Monte Carlo Simulator
The code can be viewed on my GitHub page. Below is from the ReadMe file.
Overview:
This is a simple Python code I developed that can run a Monte Carlo simulation. According to Investopedia, a Monte Carlo simulation is a simulation that is "used to model the probability of different outcomes in a process that cannot easily be predicted due to the intervention of random variables." For this code, it is simulating the entirety of the Major League Baseball postseason in which 10 teams compete to win the World Series and be crowned the best team in baseball for that particular year. The program begins by asking the user to input all of the teams that will be competing along with their win percentage in order (top 5 spots go to the league in which the winningest team that year belongs to with the top 3 spots going to the division winners followed by 2 non-division winning wild card teams. Next 5 goes to the other league following the same order). Once all teams are entered the program will then ask the user for the number of simulations the user wishes to run. The program will then start stepping through each part of the postseason keeping track of the winners of each round and the number of games required to win the particular round (the wild card round has 1 game, the division series round has a maximum of 5 games, and the league championship and World Series rounds each have a maximum of 7 games). This process loops for the desired number of times at which point the systems outputs a report stating how many times the teams won each round which is then broken down to the frequency of how many games were played to win that round.
Simulation:
To determine a winner for each game the program utilizes the random package in Python which has a random function that generates a random number between 0 and 1. The program calculates the win probability(+) for a team against their opponent using Bill James' log5 function (for more info see: en.wikipedia.org/wiki/Log5) which is compared to the randomly generated number. Assuming the number is less than the win probability of the lower seeded team, then that team gets a win otherwise the higher seeded team gets the win. Each round has its own module (except for the World Series which shares the module of the league championship game) that keeps track of the number of wins and outputs the seed and number of games when the determined number of wins is met (1 for the wild card, 3 for the division series, and 4 for the league championship and world series).
Notes:
This program was designed primarily as means of practicing Python and as a learning opportunity for simulations in general.

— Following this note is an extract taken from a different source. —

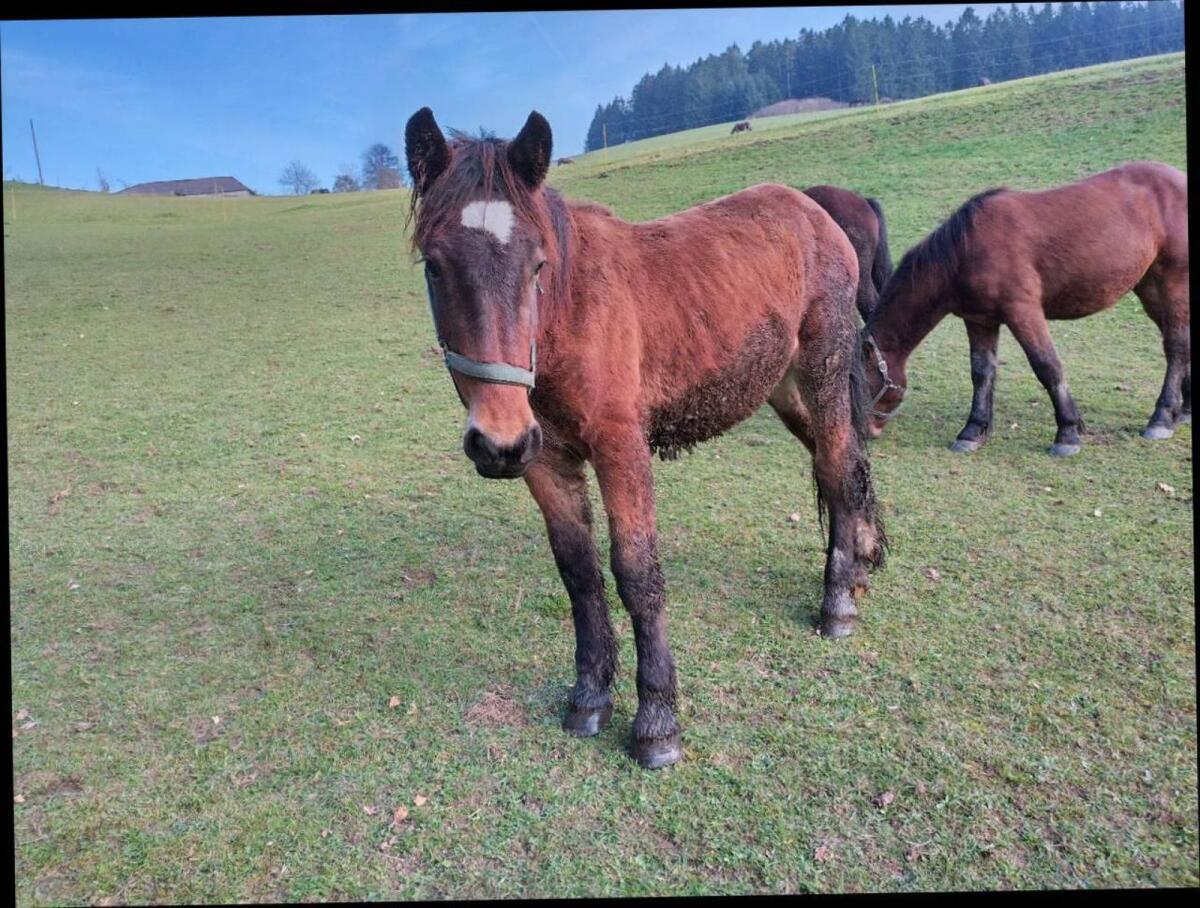 Mohrenkopf Wallach Hengste 3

A lot of the math and ideas behind this program have been used in plenty of sports statistics and sports gambling sites. However, their models tend to be more advanced accounting for the contributions of players and venues and probably plenty of other variables. As such, the results should be taken with a grain of salt and should not be used for life changing bets.

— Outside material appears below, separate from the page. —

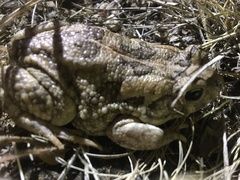 Sclerophrys xeros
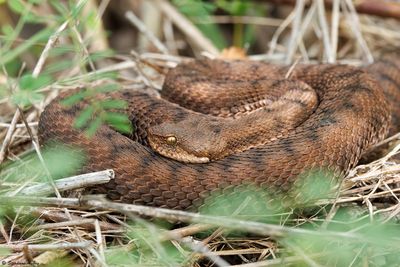 Vipère aspic, Vipera aspis aspis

(+) For the win probabilities I came up with a rough home field advantage bonus that in theory should boost the home team's win probability. The bonus was calculated by first determining each teams all time win percentage at their current home stadium (found using retrosheet.org). These win percentages were then normalized to each other by dividing the win percentage of any team divided by the sum of all the win percentages (disclaimer: there may be a better way to calculate this bonus that doesn't involve summing percentages but for the sake of simplicity I opted to use this method). This bonus is then added to the win percentage of the home team and subtracted from the visiting team prior to the calculation of the win probability. Future updates might change the visiting team penalty to be a better reflection of that team's ability to win on the road.